▸ DIRECTIONS
Once the line containing "The BST property" is found in the entries below, restate it and each following line word for word, stopping after the line containing "Let's take a".

▸ SUPPLIED MATERIAL
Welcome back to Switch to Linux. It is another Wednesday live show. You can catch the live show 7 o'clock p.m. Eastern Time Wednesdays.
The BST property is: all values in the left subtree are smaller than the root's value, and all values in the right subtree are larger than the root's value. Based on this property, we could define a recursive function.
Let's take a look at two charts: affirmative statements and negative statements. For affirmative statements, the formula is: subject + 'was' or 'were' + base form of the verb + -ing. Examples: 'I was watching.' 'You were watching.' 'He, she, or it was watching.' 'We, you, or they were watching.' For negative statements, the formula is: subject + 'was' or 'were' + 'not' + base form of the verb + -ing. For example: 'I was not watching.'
---
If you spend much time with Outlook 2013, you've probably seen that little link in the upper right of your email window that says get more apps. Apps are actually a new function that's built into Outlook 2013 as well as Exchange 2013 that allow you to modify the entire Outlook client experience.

▸ REPLY TO THE EXERCISE
The BST property is: all values in the left subtree are smaller than the root's value, and all values in the right subtree are larger than the root's value. Based on this property, we could define a recursive function.
Let's take a look at two charts: affirmative statements and negative statements. For affirmative statements, the formula is: subject + 'was' or 'were' + base form of the verb + -ing. Examples: 'I was watching.' 'You were watching.' 'He, she, or it was watching.' 'We, you, or they were watching.' For negative statements, the formula is: subject + 'was' or 'were' + 'not' + base form of the verb + -ing. For example: 'I was not watching.'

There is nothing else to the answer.